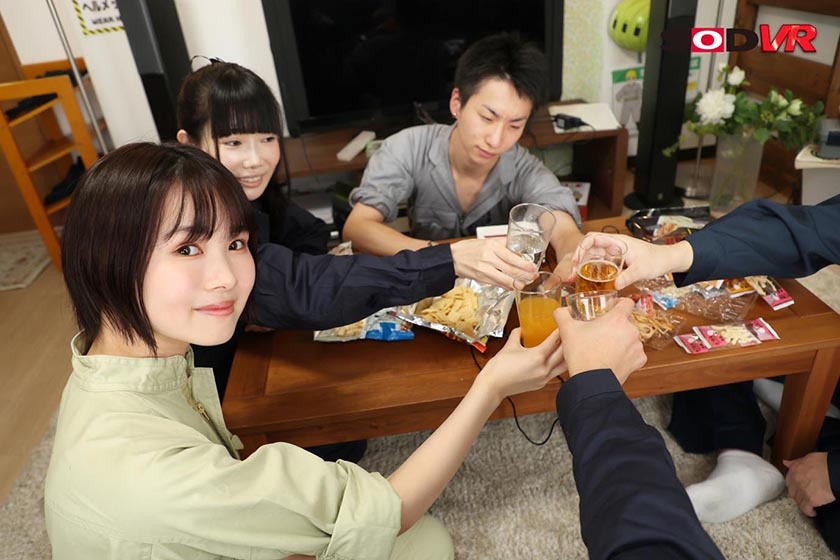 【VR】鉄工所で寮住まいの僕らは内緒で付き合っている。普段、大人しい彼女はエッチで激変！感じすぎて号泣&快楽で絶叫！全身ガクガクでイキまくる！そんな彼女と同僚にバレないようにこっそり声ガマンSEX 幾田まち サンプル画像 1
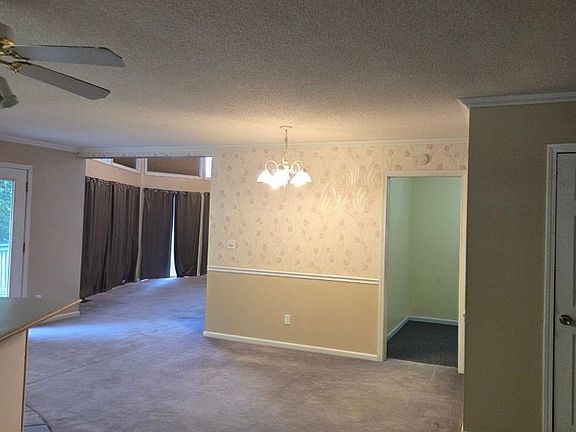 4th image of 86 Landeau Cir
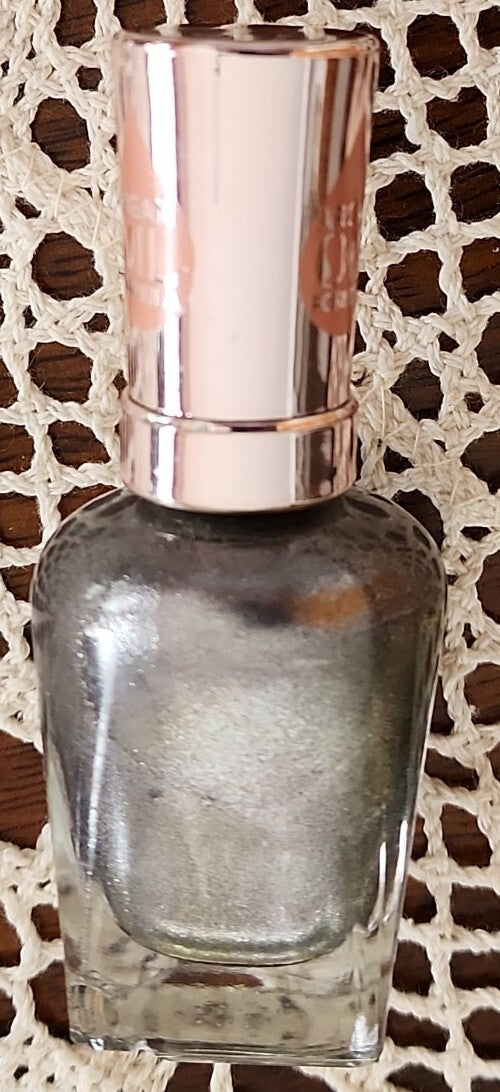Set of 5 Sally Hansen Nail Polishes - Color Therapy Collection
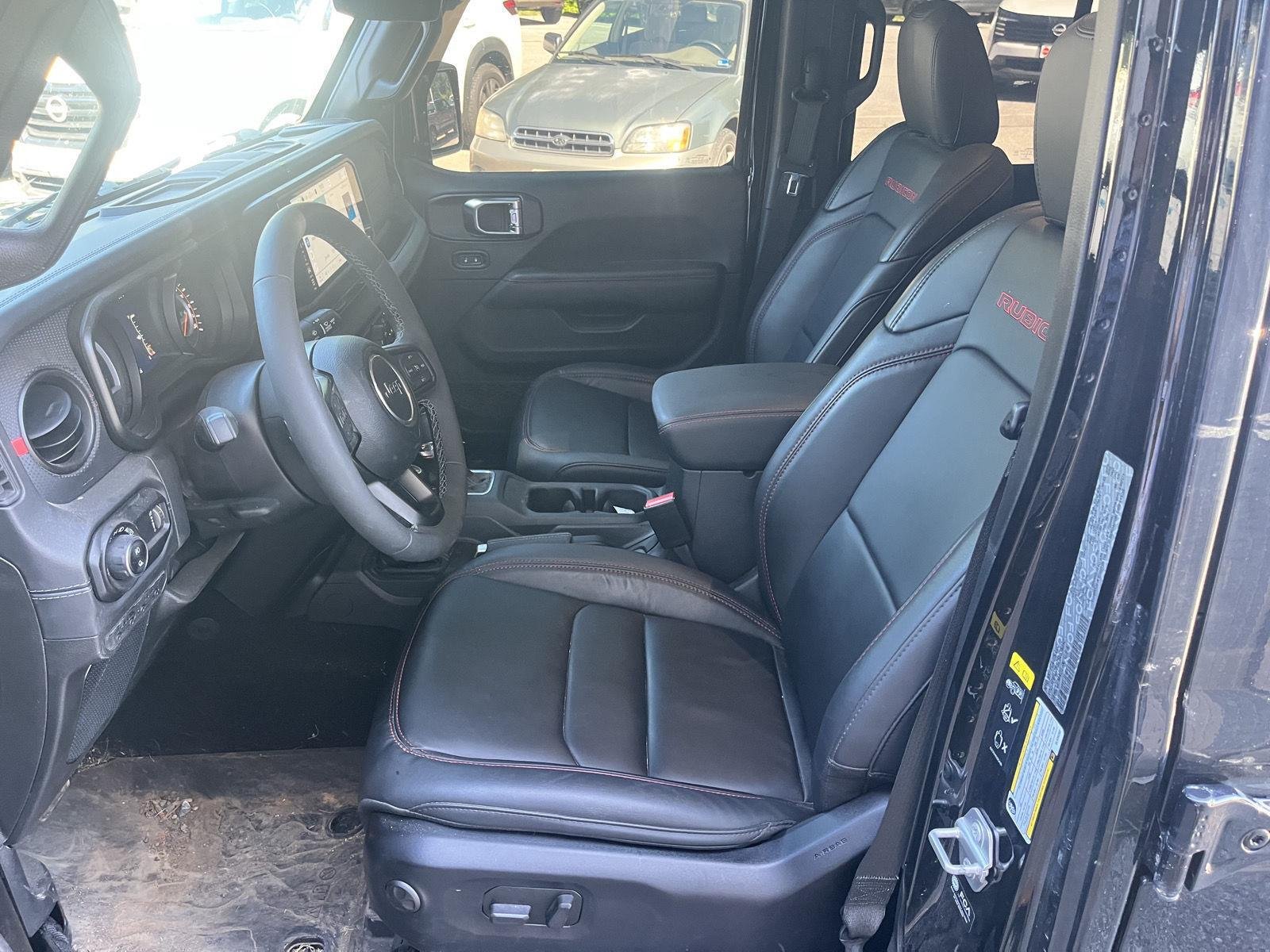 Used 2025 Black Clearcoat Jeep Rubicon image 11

* * *

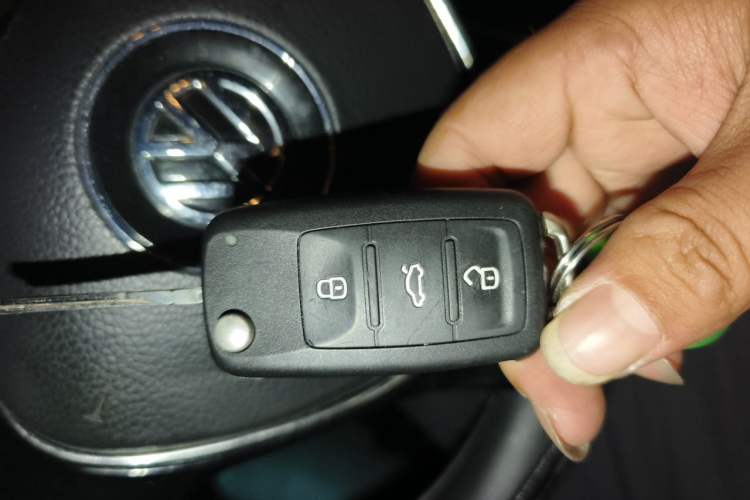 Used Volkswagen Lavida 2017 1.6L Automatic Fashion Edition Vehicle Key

WORK INSTRUCTIONS: From the line holding "4th image of 86 Landeau Cir" to the line holding "Used 2025 Black", both included, retype the entries above exactly and drop the pictures.

RESPONSE TO THE TASK:
 4th image of 86 Landeau Cir
Set of 5 Sally Hansen Nail Polishes - Color Therapy Collection
 Used 2025 Black Clearcoat Jeep Rubicon image 11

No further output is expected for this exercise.